You want a system that can grow without code modifications. So, adding columns / tables all the time is a nono. (tables are OK for logging/performance/archive).

This will work for you:

[part] # ex: car
part_id
part_name
part_description

[component] # ex: rims
component_id
component_name
component_description

[part_component] # ex: a car has 4
[part_id]
[component_id]
[component_value]

[component_property] # ex: rim size
[property_id]
[property_name]
[property_description]

[component_properties] # ex: 18" for that rim
[component_id]
[property_id]
[property_value]

You might want to fine tune it to your exact requirements, but that is the basic idea.

acidbox · March 18, 2010, 9:33pm

Vali:

You want a system that can grow without code modifications. So, adding columns / tables all the time is a nono. (tables are OK for logging/performance/archive).

This will work for you:
[part] # ex: car
part_id
part_name
part_description

[component] # ex: rims
component_id
component_name
component_description

[part_component] # ex: a car has 4
[part_id]
[component_id]
[component_value]

[component_property] # ex: rim size
[property_id]
[property_name]
[property_description]

[component_properties] # ex: 18" for that rim
[component_id]
[property_id]
[property_value]
You might want to fine tune it to your exact requirements, but that is the basic idea.

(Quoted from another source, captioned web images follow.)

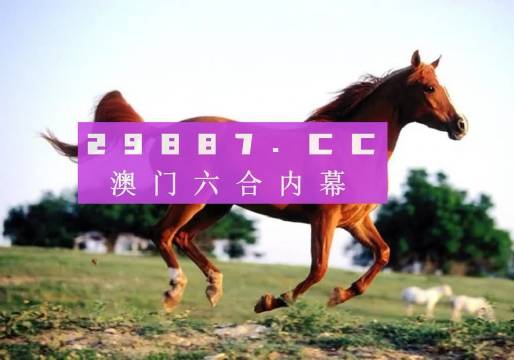 第1543页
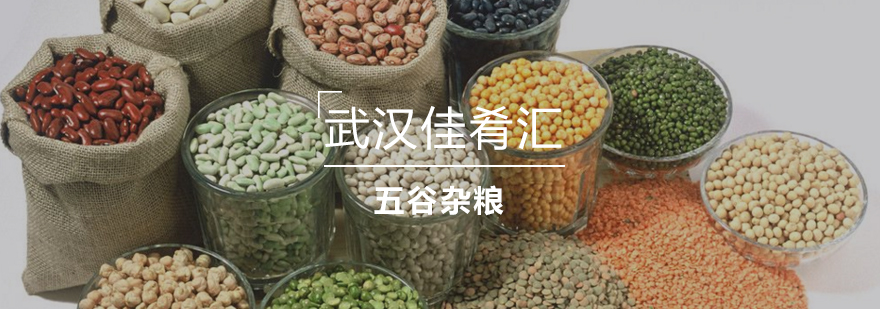 五谷杂粮培训实操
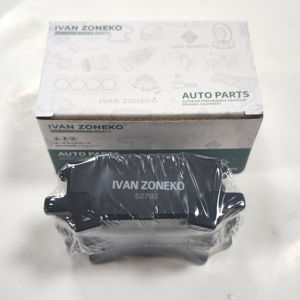 D2783อะไหล่เบรครถยนต์ Ivan zoneko แผ่น D17378449เบรคหน้าสำหรับ <span class=keywords><strong>Nissan</strong></span> <span class=keywords><strong>X</strong></span>-<span class=keywords><strong>Trail</strong></span> <span class=keywords><strong>Renault</strong></span> Kadjar <span class=keywords><strong>Koleos</strong></span> D1737-8449 - Product Image 1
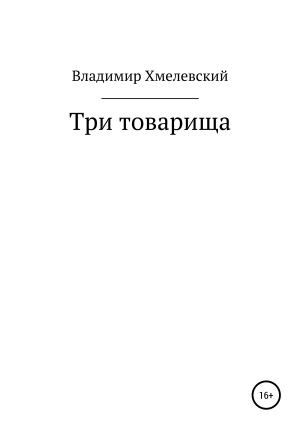 обложка книги Три товарища автора Владимир Хмелевский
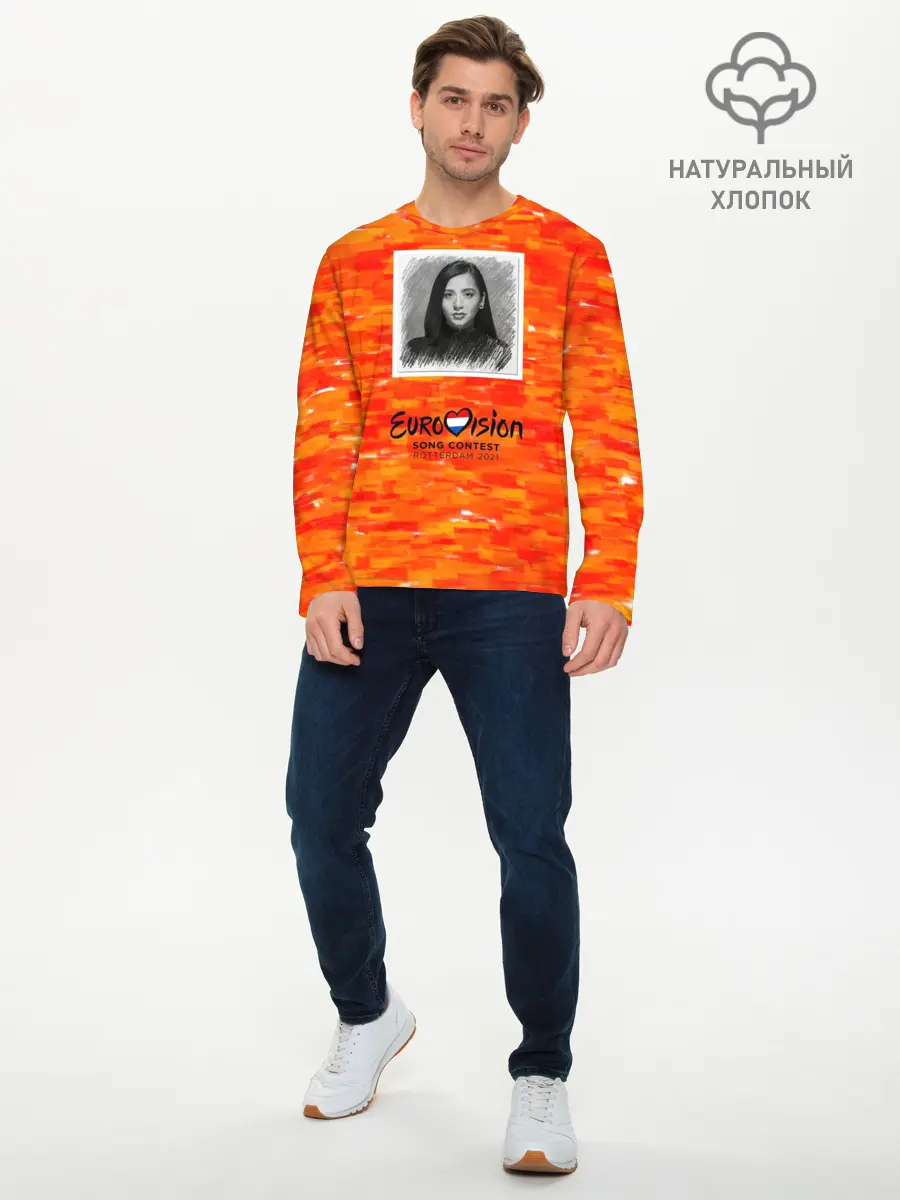 Мужской лонгслив базовый / Евровидение 2021 $ (P007_P004ooo2880339, P004ooo2880339)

It seems like both of you guys opted for a variation of option #3.

Vali, question for you: Assuming the number of fields would never change (we’d never add more parts to the database), but there would be a lot of fields to start off with. Would you still opt to do it this way?

IBazz · March 19, 2010, 1:26am

Just as a tip… it’s the relationship that should determine what tables you create and what goes into each.

as acidbox showed, each main table has data that is connected on a 1-to-1 basis with the PK. and some tables have two foreign keys eg ‘component_properties’ which has cols that relate to the PK of two different tables. That’s an example of a many to many relationship where many rims can have many sizes.

Once you get the hang of the relationships, the db structure sort or makes you work it out correctly, I think.

it may help to read up on database normalisation.

bazz

r937 · March 19, 2010, 3:38am

you can probably forego the normalization stuff, most of it is written in relational mumbo-jumbo anyway

more germane to this situation is to do some research on supertype/subtype

Vali · March 19, 2010, 2:51pm

The never add more parts to the database is wrong, you need to be able to add parts to your system at will, without having to modify your scripts / database structure.

Ex: if you add a simplified “door” (component) to your simplified “car” (part), you would:

INSERT door INTO component;
INSERT door_id, car_id, 4 (we have 4 on each car) INTO part_component
see if you have a “color” property in your component_property, else add it.
INSERT door_id, color_id, ‘red’ INTO component_properties

So, you just added a new component without changing any code / db structure. (you can make a script add this for you).

Also, your tables will get quite a few rows in them, since “component_property” will have all the possible properties in your system (color, size, etc). But, all the selects are done on primary keys / indexes, so even if you have a billion records, this will be pretty fast (worked with 4.2bill records, and selects on keys are fast).